Yes, you did just hear him justify slavery and biological war against Native Americans. You'll also notice the latent "Roman Empire" argument in there that we talked about yesterday.

Let me repeat that, just for good measure: you just heard a man who Bush gave a Medal of Freedom justify slavery and biological war against Native Americans.

Then there's this guy. Thomas Sowell, columnist for The National Review, one the country's most prestigious conservative publications, writes:
When I see the worsening degeneracy in our politicians, our media, our educators, and our intelligentsia, I can't help wondering if the day may yet come when the only thing that can save this country is a military coup.

Why yes, you did just a prominent conservative in one of the country's most prestigious conservative magazine voice his wish for the military to take over the government.

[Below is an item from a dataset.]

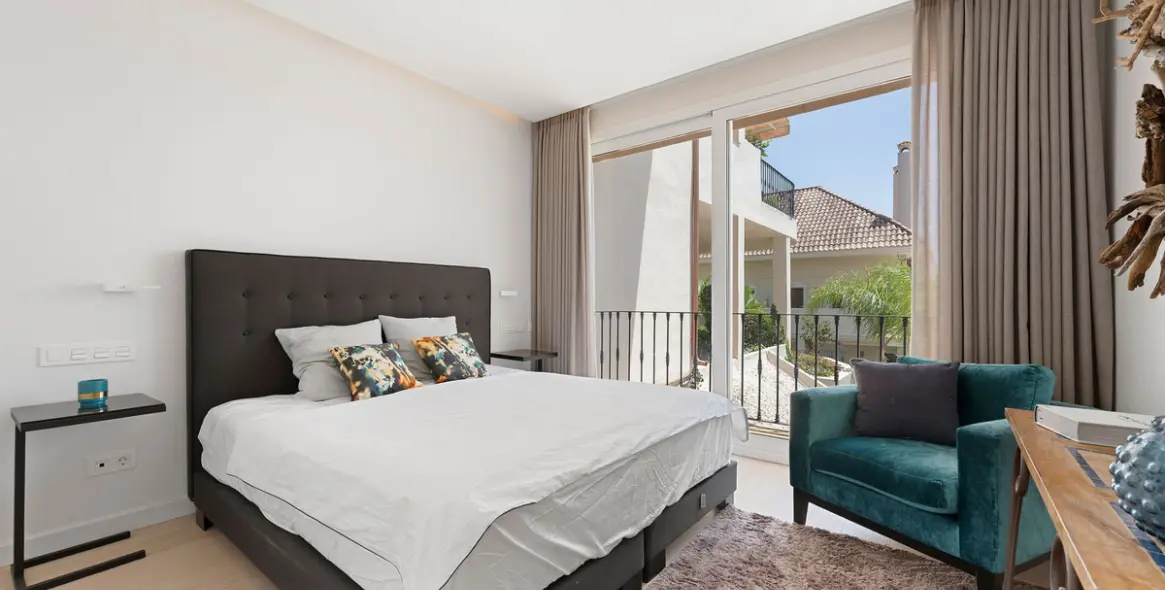 Продажа двухуровневых апартаментов в Nueva Andalucía 17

And finally, Harvard professor Harvey Mansfield, writing for the most prestigious conservative publication in the country, The Wall Street Journal, makes an extended argument (an entire article, in fact), expressly agitating for one-man rule in the United States of America over the rule of law.

It actually uses the term "one man rule," and at one point, even refers to that one man as a "prince!"

How are these people not considered extremists? On what basis do their writings belong anywhere else than on street pamphlets?

An equally legitimate question: if not when they become express proponents of one man rule, military coups, and treatment of minority groups as subhuman, in the United States, in fact, how explicitly do they have to advocate fascism before we can call them fascists?

1 comment:

Rene said...

dude you're going to force me to re-read 1984 aren't you?

sigh, allright...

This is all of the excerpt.